_EXERCISE AIM_
Print every record exactly, omitting all pictures.

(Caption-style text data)
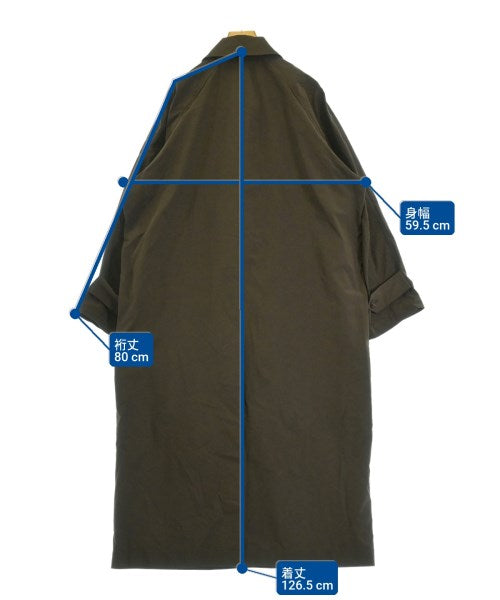 Plage เสื้อคลุมคอปก Soutien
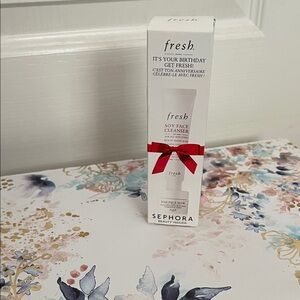 Sephora Beauty Insider Birthday Gift - Fresh Skincare Set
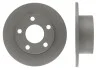 Диск тормозной окрашенный (антикорозионная обработка) STARLINE PB 1067C (фото 1)
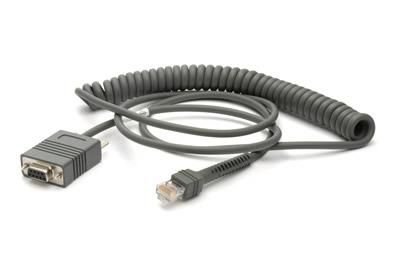 ZEBRA RS232 CBL STD-DB9F TXD2 CABL ZEBRA RS232 CBL STD-DB9F TXD2 CABL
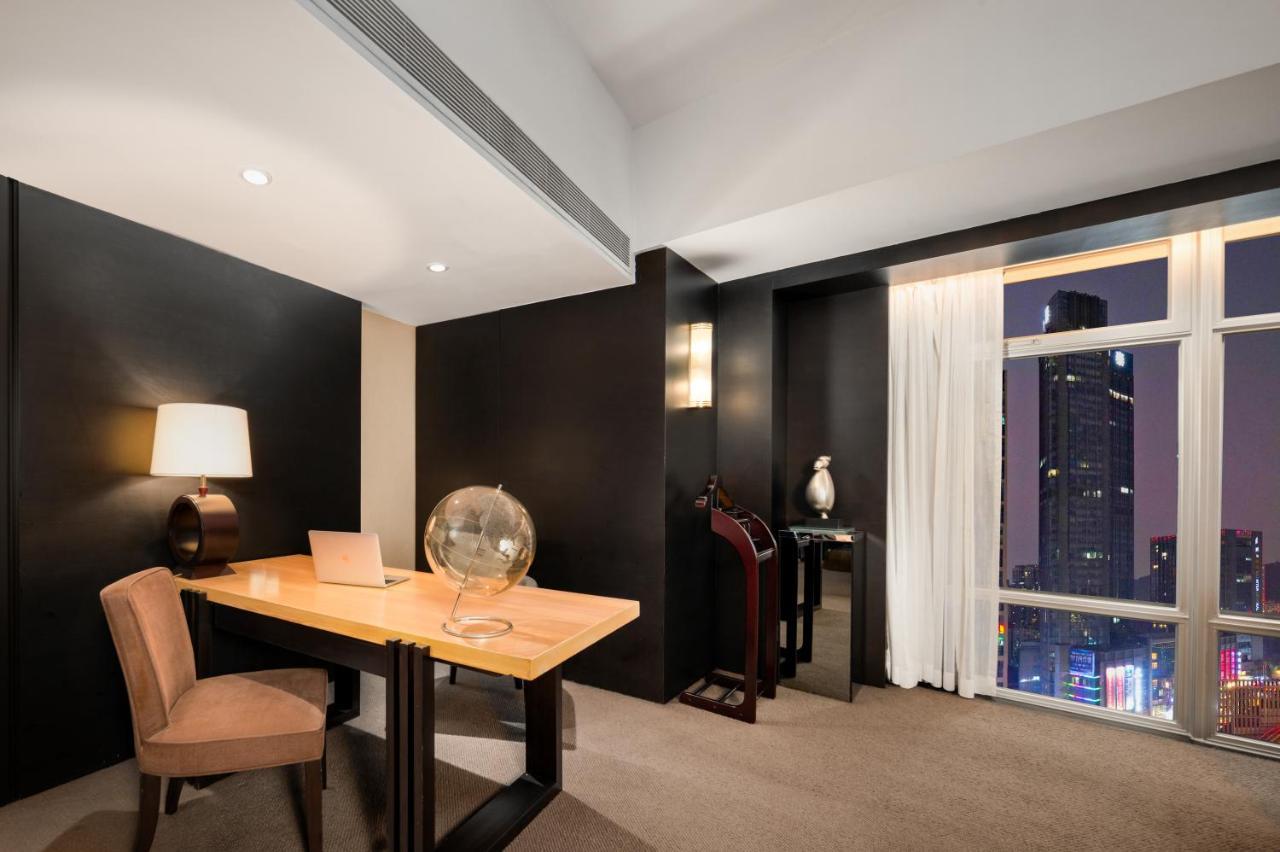 Jianguo Hotel Guangzhou Dış mekan fotoğraf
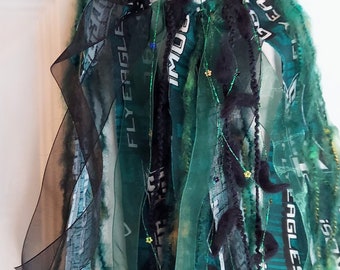 5 inch Game day Eagles wallhanging , Babys Nursery , Baby Shower Gift,Kids' &Baby Fashion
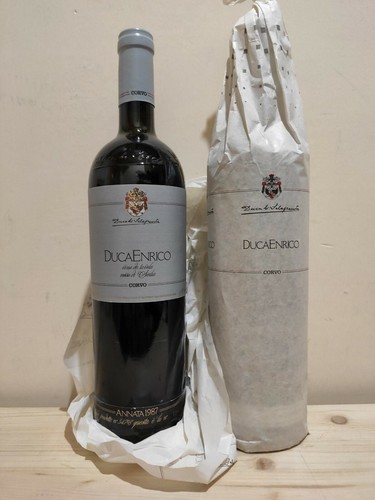 Bott duca enrico - enrico, sicilia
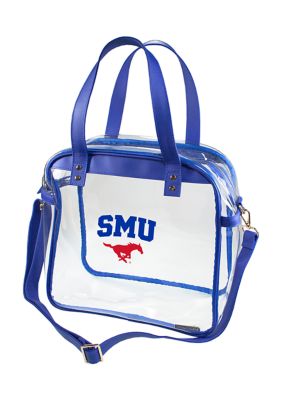 NCAA Southern Methodist University Carryall Tote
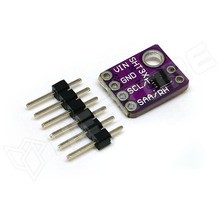 SHT30-M / SHT30 alapú hőmérséklet és páratartalom mérő modul, I2C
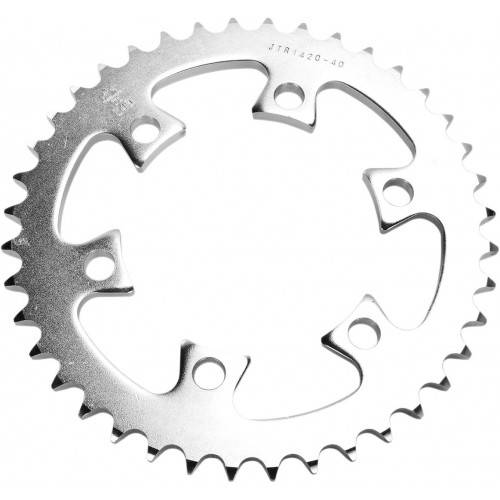JT SPROCKETS Corona Acero JT Can Am DS 650 (00-03) 1420.40 40 Dientes Coronas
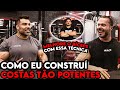 ESTREANDO IRON BERG FLORIANÓPOLIS COM RENATO CARIANI - TREINO DE BRAÇOS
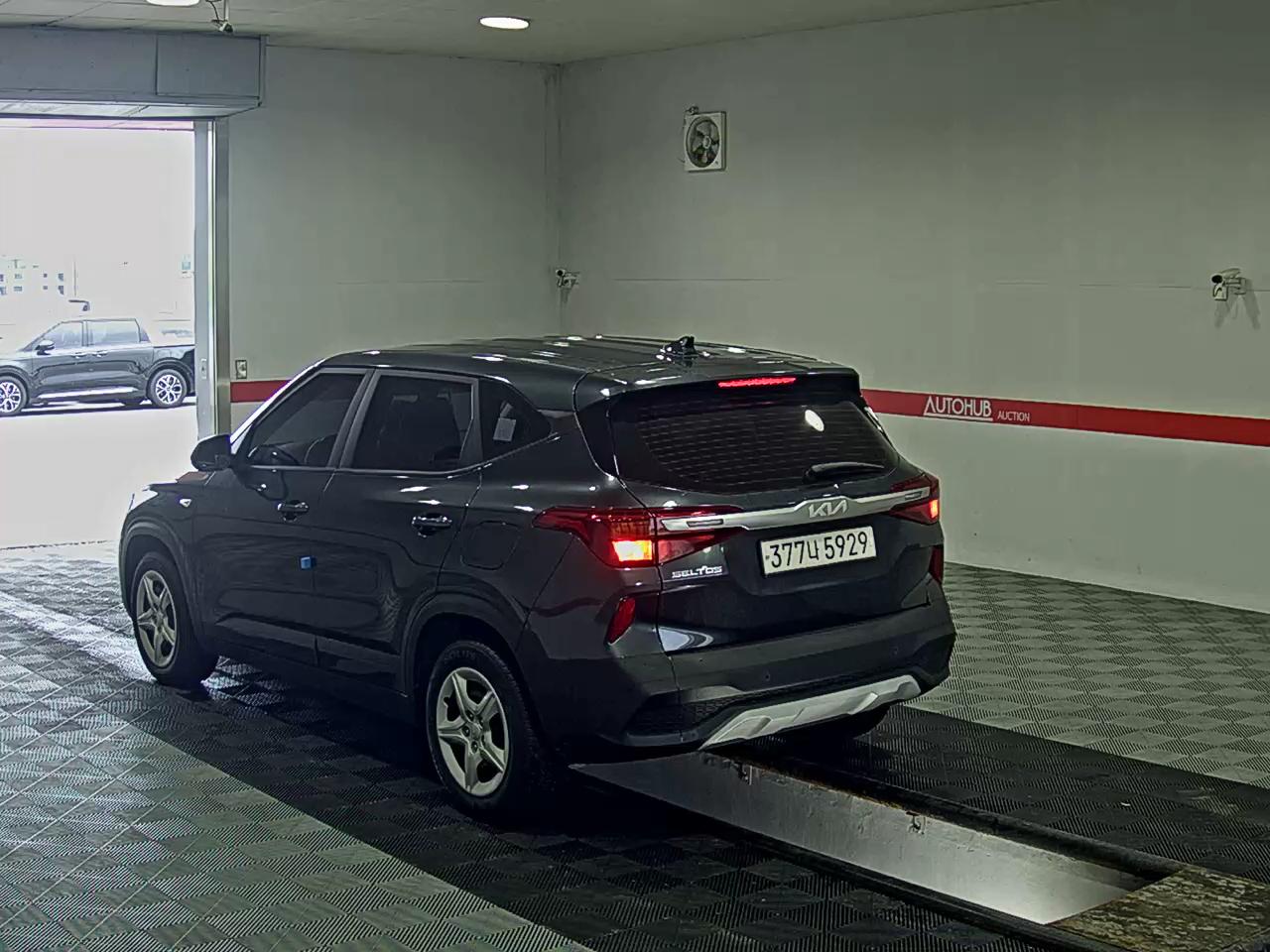 2023 - kia seltos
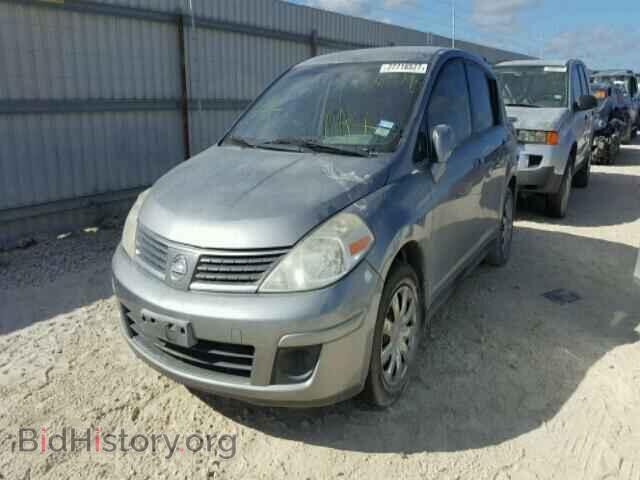 2009 NISSAN VERSA - VIN: 3N1BC13EX9L363793 - Фото 2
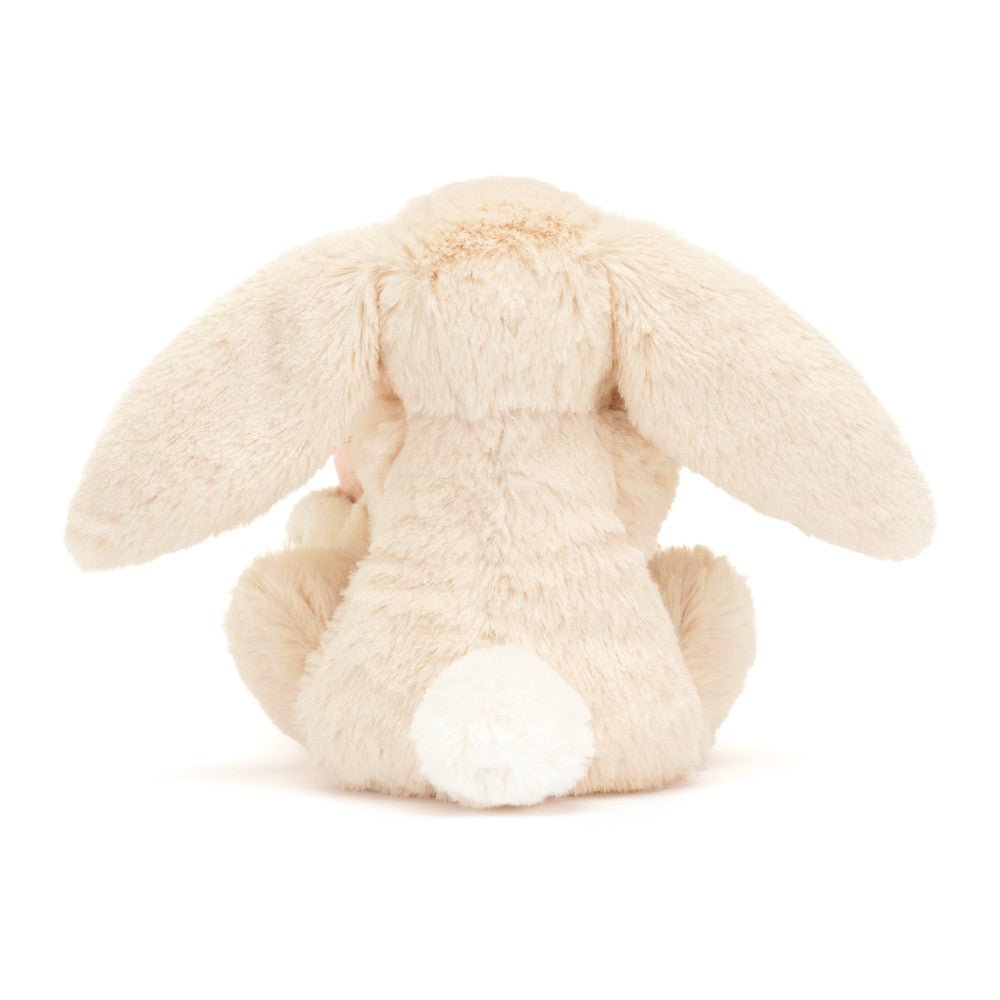 Bashful Luxe Bunny Willow Soother - RUTHERFORD & Co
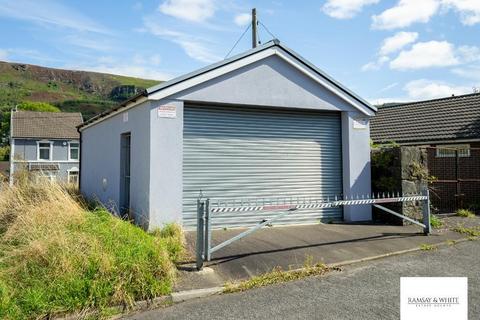 Garage for sale, Bottom of Carlton Terrace, Troedyrhiw, Merthyr Tydfil, CF48 4EP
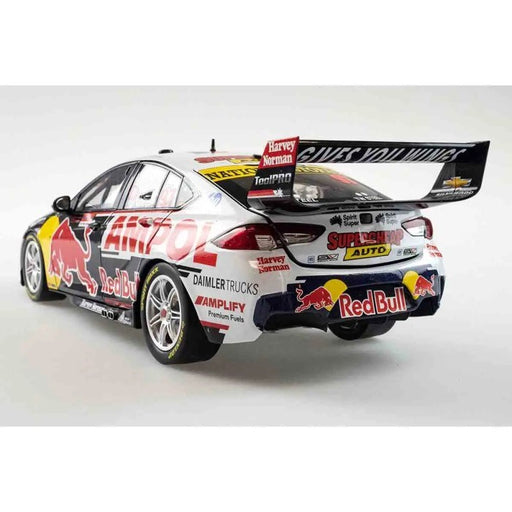 Biante B18H21W 1/18 Holden ZB Commodore - #97 Van Gisbergen 2021 Championship Winner (8172171100397)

_TASK RESULT_
 Plage เสื้อคลุมคอปก Soutien
 Sephora Beauty Insider Birthday Gift - Fresh Skincare Set
 Диск тормозной окрашенный (антикорозионная обработка) STARLINE PB 1067C (фото 1)
 ZEBRA RS232 CBL STD-DB9F TXD2 CABL ZEBRA RS232 CBL STD-DB9F TXD2 CABL
 Jianguo Hotel Guangzhou Dış mekan fotoğraf
 5 inch Game day Eagles wallhanging , Babys Nursery , Baby Shower Gift,Kids' &Baby Fashion
 Bott duca enrico - enrico, sicilia
 NCAA Southern Methodist University Carryall Tote
 SHT30-M / SHT30 alapú hőmérséklet és páratartalom mérő modul, I2C
JT SPROCKETS Corona Acero JT Can Am DS 650 (00-03) 1420.40 40 Dientes Coronas
 ESTREANDO IRON BERG FLORIANÓPOLIS COM RENATO CARIANI - TREINO DE BRAÇOS
 2023 - kia seltos
 2009 NISSAN VERSA - VIN: 3N1BC13EX9L363793 - Фото 2
 Bashful Luxe Bunny Willow Soother - RUTHERFORD & Co
 Garage for sale, Bottom of Carlton Terrace, Troedyrhiw, Merthyr Tydfil, CF48 4EP
 Biante B18H21W 1/18 Holden ZB Commodore - #97 Van Gisbergen 2021 Championship Winner (8172171100397)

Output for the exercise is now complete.